22 Nov 2024

O novo filme “Emmanuelle” mantém a cena do avião, mas não tem o cadeirão de verga. Não é uma recriação do clássico de 1974. Traz uma perspetiva contemporânea do erotismo no cinema.

“Emmanuelle”, do realizador Just Jaeckin, com Sylvia Kristel, apesar de ter marcado uma época, é desconhecido das novas gerações. Noémie Merlant, que tem o papel de Emmanuelle na nova versão, faz parte desse grupo.

Na estreia, no Festival de San Sebastián, a atriz francesa revelou que foi um desafio ainda maior perante o sucesso da longa-metragem dos anos 70:

Nunca tinha ouvido falar de “Emmanuelle”. Não li o livro, não vi o filme. Falei com as pessoas à minha volta e elas diziam que é demasiado perigoso. Olha o que aconteceu à Sylvia Kristel.

Pensei, se as pessoas estão tão assustadas, isto significa que há algo para falar. E depois era participar de uma experiência de falar de erotismo e de sexo a partir do olhar de uma mulher realizadora.

Emmanuelle, eu identifiquei-me com ela. No início do filme, temos uma mulher que segue as regras da sociedade. Não sente prazer, sempre tentou fazer as pessoas felizes e satisfeitas.

É como um robô. Fazemos esta viagem com ela, quando está a tentar ser realmente, ela própria.

A cineasta Audrey Diwan, realizadora de “O Acontecimento”, premiada com o Leão de Ouro em Veneza, também não viu o filme com Sylvia Kristel.

Por curiosidade, leu o livro “The Joys of a Woman”, de Emmanuelle Arsan, que inspira a personagem. O que a levou a refletir sobre um erotismo que oscila entre o que se vê e o que se sugere:

Interessou-me, no início do livro, uma longa discussão sobre o erotismo.

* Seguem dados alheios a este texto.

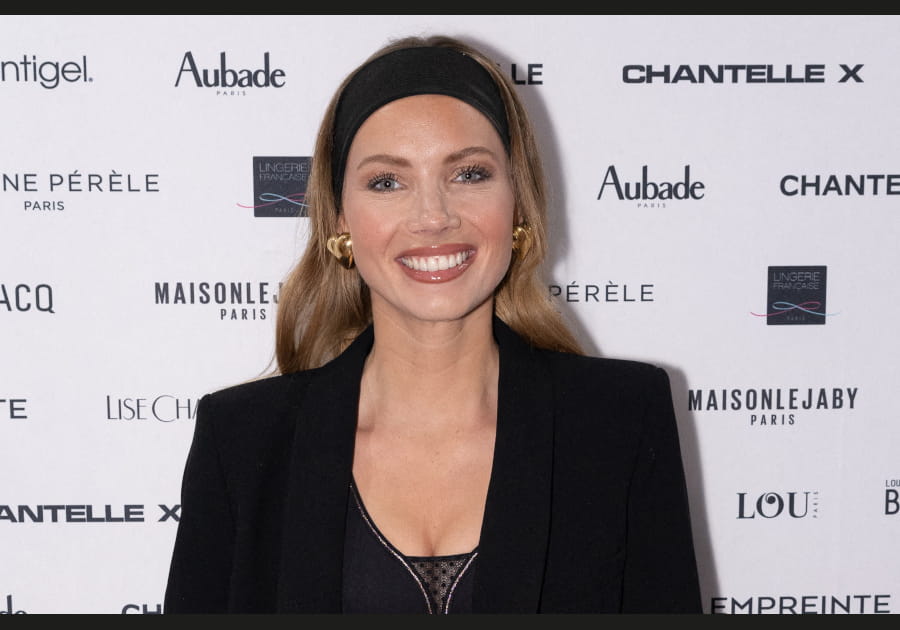 Top&nbsp;: le bandeau dans les cheveux d'Amandine Petit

Quando se fala de erotismo, é o que se esconde e o que se mostra. O filme, nos anos 70, ficou gravado na memória de toda a gente porque abriu o enquadramento. Aqui, estou a tentar fazer outra coisa.

Estou a restringir o enquadramento para convocar a imaginação do público, pois, hoje em dia, se quisermos, podemos ver tudo. Temos a internet e a pornografia. Pensei numa mulher a quem dei o nome de Emmanuelle.

Ela faz perguntas sobre a relação com o prazer. Ela não sente prazer, mas eu tensionava falar apenas do prazer sexual. Queria interrogar-me sobre a forma como tratamos o prazer na sociedade.

É-nos pedido que lucremos, que cheguemos ao clímax, que sejamos o melhor de nós próprios e bem sucedidos.

Depois, pensei naquela mulher e no seu corpo e como se relacionava com aquele mundo.

Audrey Diwan, que escreveu o argumento em conjunto com a cineasta francesa Rebecca Zlotowski, procurou afastar-se do filme erótico e concentrar-se mais no livro. Como uma adaptação feminista, contar a história de uma mulher à descoberta da intimidade e do prazer:

Foi emocionante falar sobre o que é o prazer feminino, o sistema complexo que temos dentro de nós, como funciona e de onde vem a fantasia. Mas se quisermos voltar a ser nós próprios, temos de criar algum espaço para nós e para o outro.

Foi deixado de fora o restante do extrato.